- Upbeat Australian and Chinese data turned old history with Melbourne’s coronavirus outbreak.
- Gold prices had lost the positive momentum as central banks paused massive stimulus.
- AUD/USD lost its bullish strength, but the bearish potential remains well-limited.
The AUD/USD pair is modestly up for a fourth consecutive week, still unable to conquer the 0.7000 threshold. Nevertheless, the pair managed to hit a weekly high of 0.7037, not far from the high set this year at 0.7063. The Aussie had seen its bullish potential limited by the latest decision to lockdown Melbourne, which overshadowed encouraging data coming from the country and the region. Also, enthusiasm backed the commodity-linked currency, but the rally faded alongside the positive mood.
Tensions between the US and China also had an impact on the AUD. This past week, US President Trump signed the Hong Kong autonomy act, putting an end to trade preferences with the region after China established a new security law. Also, the US government was said to be studying a travel ban on Chinese members of the Communist Party, something like 90 million people.

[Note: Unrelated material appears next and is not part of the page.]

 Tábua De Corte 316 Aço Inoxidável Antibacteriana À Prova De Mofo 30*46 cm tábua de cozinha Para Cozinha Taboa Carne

Meanwhile, on-hold central banks have put a halt to gold’s rally. The metal continues to trade around $1,800 a troy ounce, a multi-year high, yet with policymakers pausing in adding massive stimulus to support economies, demand for the metal paused, also contained by resurgent demand for equities.
Old data overshadowed by a new lockdown
Australian NAB’s Business Confidence Index improved to 1 in June, beating the expected -87 while the NAB’s Business Conditions in the same month came in at -7 against the expected --39. Additionally, the country added 210.8K jobs in June, almost doubling the market’s forecast, while the unemployment rate met the market’s expectations at 7.4%, a new multi-year high. However, the upbeat numbers were overshadowed by the new lockdown, as investors are already pricing in an upcoming drop in July and August figures.

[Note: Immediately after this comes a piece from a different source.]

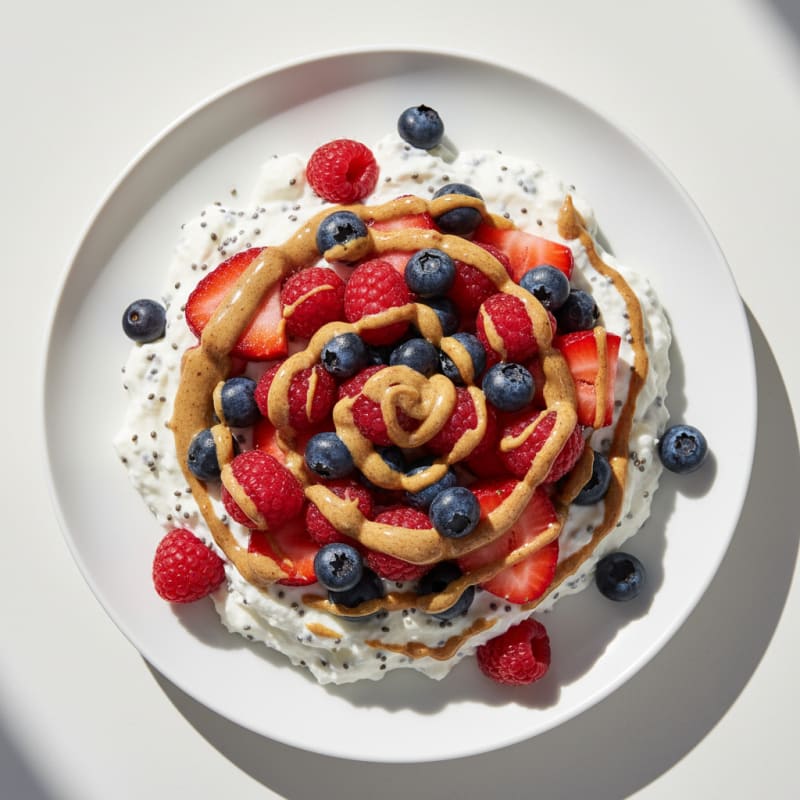Silky Greek Yogurt Protein Mousse with Mixed Berries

Another upbeat figure that was ignored is the Chinese Q2 GDP. The economy grew 11.5% in the three months to June, beating the expected 9.6%, while Industrial Production in the country rose in June by 4.8% YoY. The only miss was Retail Sales, which in the same period declined by 1.8%. The country’s trade surplus was also weaker than anticipated, posting a surplus of $46.42B in dollar terms.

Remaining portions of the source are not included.